◆ **What the task asks**
Below are several entries. Transcribe exactly those lines that fall from the one with "image_0A06392C-7A9E-4C21-BDFE-E0AC318DFA84_1765869689" through the one with "2014 Dodge Durango R/T", end lines included.

◆ **Records to process**
------------------------------

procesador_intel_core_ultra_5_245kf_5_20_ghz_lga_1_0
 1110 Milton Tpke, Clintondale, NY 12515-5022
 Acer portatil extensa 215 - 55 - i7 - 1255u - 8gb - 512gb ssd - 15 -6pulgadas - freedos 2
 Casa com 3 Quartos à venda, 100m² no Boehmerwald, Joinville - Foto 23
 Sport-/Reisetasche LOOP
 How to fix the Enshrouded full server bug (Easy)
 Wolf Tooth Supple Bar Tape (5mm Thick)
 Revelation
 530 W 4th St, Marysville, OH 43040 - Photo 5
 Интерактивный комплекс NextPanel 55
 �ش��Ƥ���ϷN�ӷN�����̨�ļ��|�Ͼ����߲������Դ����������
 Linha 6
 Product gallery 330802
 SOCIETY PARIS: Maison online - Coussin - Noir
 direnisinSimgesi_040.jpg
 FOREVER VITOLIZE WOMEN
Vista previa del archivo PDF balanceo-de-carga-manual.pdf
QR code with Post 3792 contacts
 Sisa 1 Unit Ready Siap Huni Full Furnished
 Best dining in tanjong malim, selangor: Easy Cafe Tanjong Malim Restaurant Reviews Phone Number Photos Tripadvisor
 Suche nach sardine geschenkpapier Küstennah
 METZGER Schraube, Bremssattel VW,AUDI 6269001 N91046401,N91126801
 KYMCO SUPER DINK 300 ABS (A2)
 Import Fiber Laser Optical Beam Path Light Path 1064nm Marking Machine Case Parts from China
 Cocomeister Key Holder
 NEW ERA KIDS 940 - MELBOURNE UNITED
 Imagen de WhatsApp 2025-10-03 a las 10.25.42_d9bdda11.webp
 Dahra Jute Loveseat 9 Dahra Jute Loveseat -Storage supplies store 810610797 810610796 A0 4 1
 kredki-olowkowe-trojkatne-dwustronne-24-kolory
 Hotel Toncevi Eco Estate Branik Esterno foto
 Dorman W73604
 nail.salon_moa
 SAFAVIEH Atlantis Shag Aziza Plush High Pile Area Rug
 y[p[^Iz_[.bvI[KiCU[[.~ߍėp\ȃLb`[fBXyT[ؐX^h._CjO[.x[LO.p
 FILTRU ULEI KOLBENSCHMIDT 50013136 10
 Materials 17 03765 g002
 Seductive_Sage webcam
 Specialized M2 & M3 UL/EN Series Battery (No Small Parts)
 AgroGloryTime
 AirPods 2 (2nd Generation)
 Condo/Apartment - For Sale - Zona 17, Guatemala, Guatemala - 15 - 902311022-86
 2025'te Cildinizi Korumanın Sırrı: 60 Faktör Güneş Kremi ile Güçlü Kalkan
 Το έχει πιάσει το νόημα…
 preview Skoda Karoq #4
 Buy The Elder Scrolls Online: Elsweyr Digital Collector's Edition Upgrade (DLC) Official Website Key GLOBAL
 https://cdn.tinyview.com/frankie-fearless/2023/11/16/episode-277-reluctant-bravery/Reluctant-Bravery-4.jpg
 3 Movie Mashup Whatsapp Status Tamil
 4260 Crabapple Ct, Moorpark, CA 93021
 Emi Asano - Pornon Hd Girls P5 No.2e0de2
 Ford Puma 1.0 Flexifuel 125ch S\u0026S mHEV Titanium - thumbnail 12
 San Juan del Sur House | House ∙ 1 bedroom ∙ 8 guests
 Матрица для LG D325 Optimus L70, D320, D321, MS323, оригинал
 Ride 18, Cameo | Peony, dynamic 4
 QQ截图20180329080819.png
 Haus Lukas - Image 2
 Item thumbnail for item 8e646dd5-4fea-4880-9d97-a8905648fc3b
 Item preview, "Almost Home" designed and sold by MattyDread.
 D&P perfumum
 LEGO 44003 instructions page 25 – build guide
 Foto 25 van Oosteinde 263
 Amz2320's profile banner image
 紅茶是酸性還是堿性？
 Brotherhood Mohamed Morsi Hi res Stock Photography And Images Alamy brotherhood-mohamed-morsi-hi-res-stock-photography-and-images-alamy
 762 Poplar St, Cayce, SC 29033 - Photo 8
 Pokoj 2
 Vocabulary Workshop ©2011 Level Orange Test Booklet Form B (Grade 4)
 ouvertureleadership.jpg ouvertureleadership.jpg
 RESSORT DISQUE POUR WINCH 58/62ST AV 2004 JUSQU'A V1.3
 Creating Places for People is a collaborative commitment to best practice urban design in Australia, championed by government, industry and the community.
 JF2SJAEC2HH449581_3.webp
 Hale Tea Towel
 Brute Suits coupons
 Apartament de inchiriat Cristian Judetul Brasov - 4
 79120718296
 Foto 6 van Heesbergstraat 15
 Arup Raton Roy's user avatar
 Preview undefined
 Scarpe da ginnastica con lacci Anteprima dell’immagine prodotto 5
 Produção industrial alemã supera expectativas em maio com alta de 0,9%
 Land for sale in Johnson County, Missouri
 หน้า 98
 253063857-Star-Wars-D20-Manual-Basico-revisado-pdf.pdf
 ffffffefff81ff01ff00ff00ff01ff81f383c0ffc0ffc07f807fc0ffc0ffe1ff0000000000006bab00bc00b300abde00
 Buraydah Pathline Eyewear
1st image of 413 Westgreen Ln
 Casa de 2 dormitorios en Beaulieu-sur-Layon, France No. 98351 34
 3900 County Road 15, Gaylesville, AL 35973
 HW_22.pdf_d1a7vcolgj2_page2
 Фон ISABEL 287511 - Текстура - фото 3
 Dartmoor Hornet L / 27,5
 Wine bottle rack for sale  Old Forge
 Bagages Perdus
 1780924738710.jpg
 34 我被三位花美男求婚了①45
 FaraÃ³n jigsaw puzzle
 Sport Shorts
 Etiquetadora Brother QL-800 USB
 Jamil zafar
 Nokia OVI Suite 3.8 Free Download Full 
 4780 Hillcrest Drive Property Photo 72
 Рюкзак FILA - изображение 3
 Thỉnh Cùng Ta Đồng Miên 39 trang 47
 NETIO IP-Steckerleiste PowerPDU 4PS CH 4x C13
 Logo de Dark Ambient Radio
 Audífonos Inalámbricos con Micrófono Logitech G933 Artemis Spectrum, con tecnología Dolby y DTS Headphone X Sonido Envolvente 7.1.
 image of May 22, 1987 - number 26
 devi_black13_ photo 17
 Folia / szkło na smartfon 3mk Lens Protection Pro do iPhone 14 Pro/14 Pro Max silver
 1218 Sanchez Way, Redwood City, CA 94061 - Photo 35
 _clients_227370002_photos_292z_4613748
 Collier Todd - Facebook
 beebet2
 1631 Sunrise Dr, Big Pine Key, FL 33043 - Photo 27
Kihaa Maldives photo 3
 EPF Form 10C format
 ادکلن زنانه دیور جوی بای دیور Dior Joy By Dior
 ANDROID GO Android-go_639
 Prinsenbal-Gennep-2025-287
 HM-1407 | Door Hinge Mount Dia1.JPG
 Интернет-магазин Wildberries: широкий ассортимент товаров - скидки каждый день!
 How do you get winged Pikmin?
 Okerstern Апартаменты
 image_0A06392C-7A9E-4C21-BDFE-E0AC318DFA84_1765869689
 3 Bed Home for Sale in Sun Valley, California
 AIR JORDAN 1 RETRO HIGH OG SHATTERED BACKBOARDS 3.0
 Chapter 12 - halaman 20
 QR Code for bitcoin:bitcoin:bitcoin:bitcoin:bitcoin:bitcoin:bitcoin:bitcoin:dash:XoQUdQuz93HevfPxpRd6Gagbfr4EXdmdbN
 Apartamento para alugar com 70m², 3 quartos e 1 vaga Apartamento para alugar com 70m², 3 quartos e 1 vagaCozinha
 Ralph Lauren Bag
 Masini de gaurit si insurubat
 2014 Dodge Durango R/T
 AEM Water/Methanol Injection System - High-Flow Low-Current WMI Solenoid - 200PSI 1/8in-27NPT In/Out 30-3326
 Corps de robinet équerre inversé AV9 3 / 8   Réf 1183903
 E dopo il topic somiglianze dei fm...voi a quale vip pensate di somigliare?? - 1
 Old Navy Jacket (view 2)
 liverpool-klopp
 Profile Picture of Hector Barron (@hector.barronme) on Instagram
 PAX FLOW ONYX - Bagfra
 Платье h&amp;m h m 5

------------------------------

◆ **Response to the task**
 image_0A06392C-7A9E-4C21-BDFE-E0AC318DFA84_1765869689
 3 Bed Home for Sale in Sun Valley, California
 AIR JORDAN 1 RETRO HIGH OG SHATTERED BACKBOARDS 3.0
 Chapter 12 - halaman 20
 QR Code for bitcoin:bitcoin:bitcoin:bitcoin:bitcoin:bitcoin:bitcoin:bitcoin:dash:XoQUdQuz93HevfPxpRd6Gagbfr4EXdmdbN
 Apartamento para alugar com 70m², 3 quartos e 1 vaga Apartamento para alugar com 70m², 3 quartos e 1 vagaCozinha
 Ralph Lauren Bag
 Masini de gaurit si insurubat
 2014 Dodge Durango R/T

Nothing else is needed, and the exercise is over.